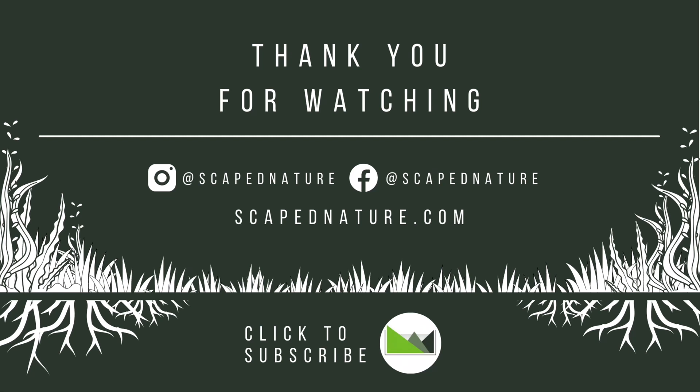We hope you've enjoyed this video. Let us know what you think in the comments below. Give us a thumbs up and subscribe for future content. Thanks!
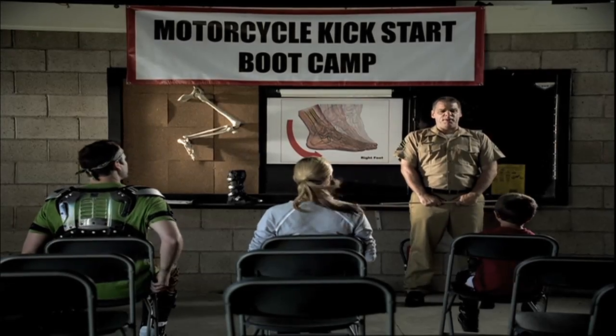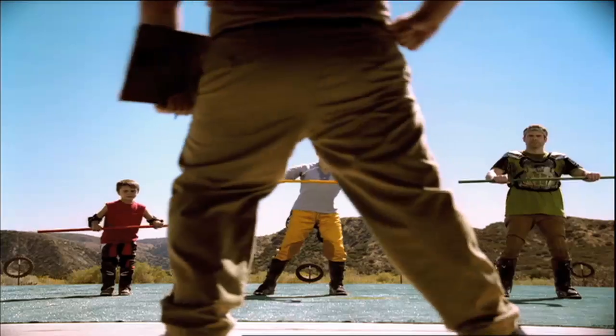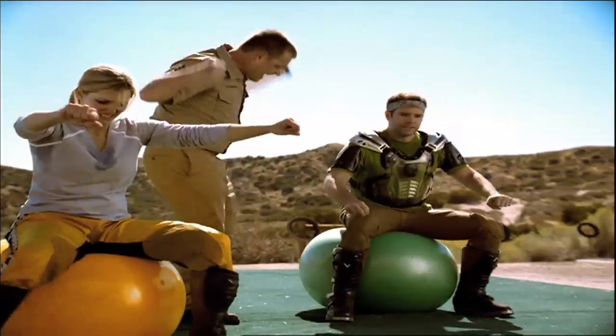I am here to teach you people the proper way to kick-start a motorcycle! Ride! Kick! Ride! Kick! Ride! Kick!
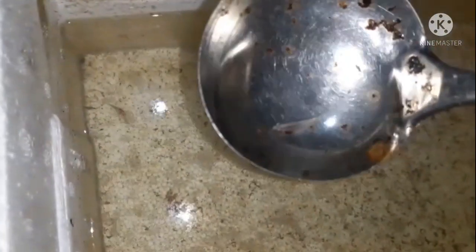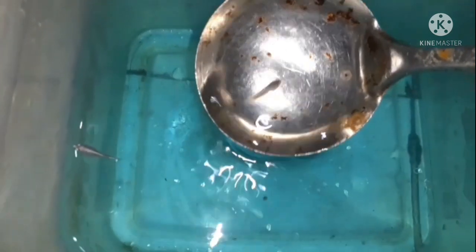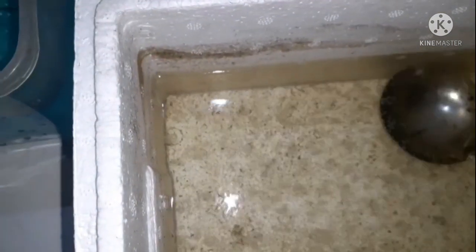Nah ini Kris Beta ambil lagi ikan kedua seperti ini teman-teman, dituangkan pelan-pelan ya, hingga menempel, daripada airnya terjun langsung. Agar merasa nyaman, Kris Beta kasih obat biru ya agar terhindar dari jamur.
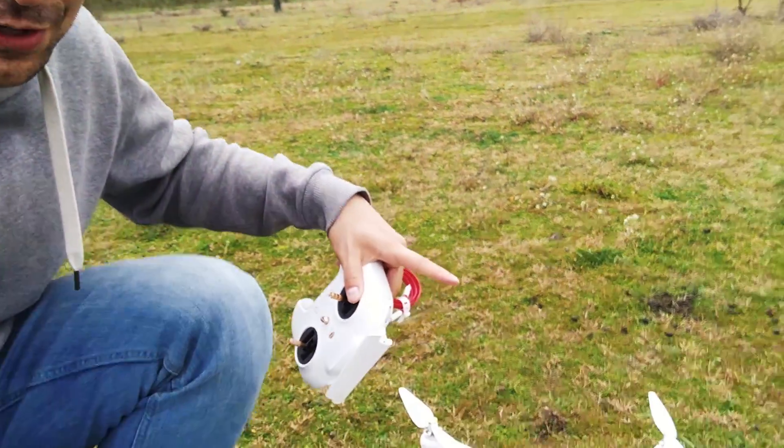Hey everybody, Tech4Row channel here. What I have for you today is the Mi drone, 4K edition. I know I haven't done a review of that drone yet, and I'm starting with the range test, which is a bit unusual. But you can see the weather — it's terrible. Ever since I got the drone, the weather is terrible: no sunshine, windy all the time, so getting some decent footage is kind of impossible.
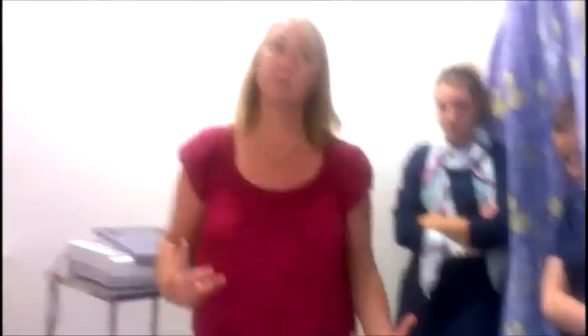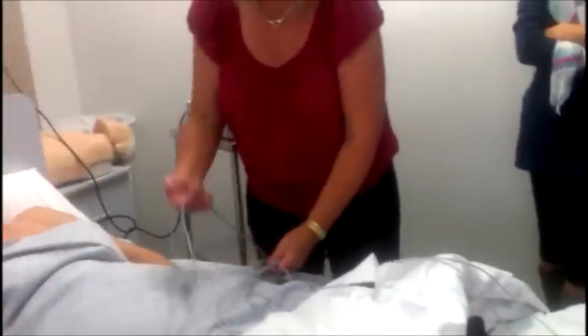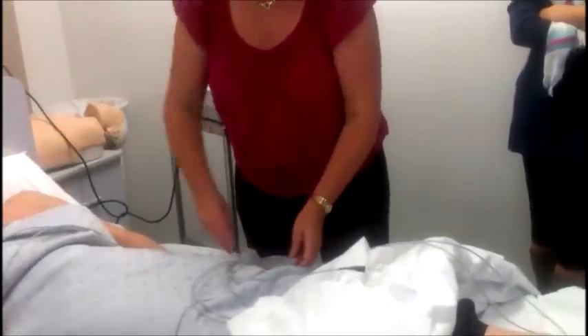I like to do the limb leads first so that I'm not exposing the chest for longer than necessary. I'll untuck the blankets so that only the feet are exposed rather than pulling it all down and leaving them cold — especially in a cold room. So there are two limb leads here and two limb leads there, and then the chest leads.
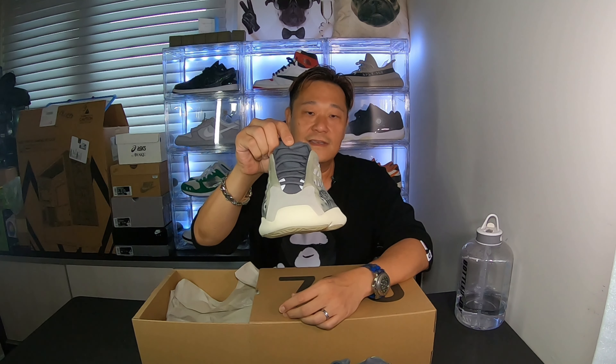I usually go a whole size up on the 700 V3. On all my Yeezys - the 350s, 700 V3s - I go a size up, except the 380s where I go true to size. The Quantums I go half size up, a 13.5 - 14 is okay but 13 is a little tight. On the 500s also I go a whole size up. My true to size is a 13 so I go 14.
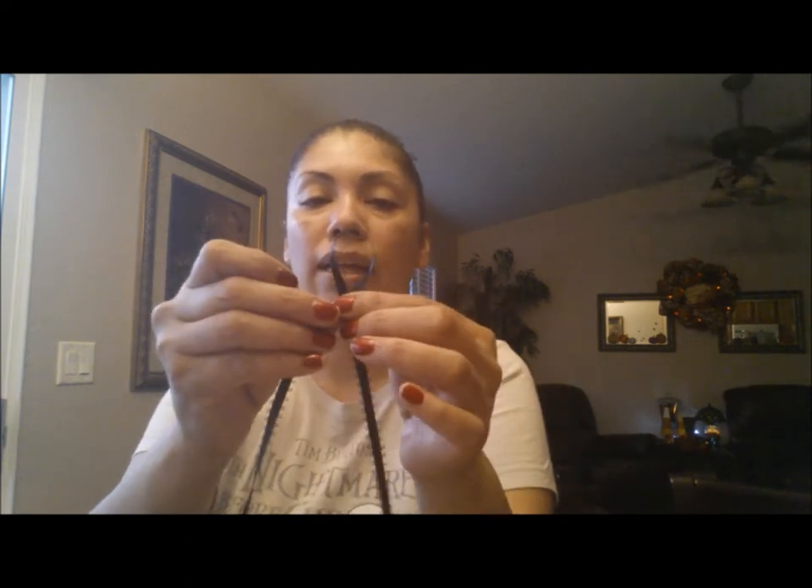For ribbon, I'm going to use some that I got at Walmart for about a dollar. We're going to make a bow — just grab your ribbon and do a little loop like that. If you have floral wire you can tie it together, but I'm just going to add a little dab of glue so it doesn't move.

# Exercise objective
Reproduce word for word, with pictures dropped, only the part of the material above that opens with the line containing "Nah ini Kris" and closes with the line containing "Hey everybody, Tech4Row".

# Solved exercise
Nah ini Kris Beta ambil lagi ikan kedua seperti ini teman-teman, dituangkan pelan-pelan ya, hingga menempel, daripada airnya terjun langsung. Agar merasa nyaman, Kris Beta kasih obat biru ya agar terhindar dari jamur.
Hey everybody, Tech4Row channel here. What I have for you today is the Mi drone, 4K edition. I know I haven't done a review of that drone yet, and I'm starting with the range test, which is a bit unusual. But you can see the weather — it's terrible. Ever since I got the drone, the weather is terrible: no sunshine, windy all the time, so getting some decent footage is kind of impossible.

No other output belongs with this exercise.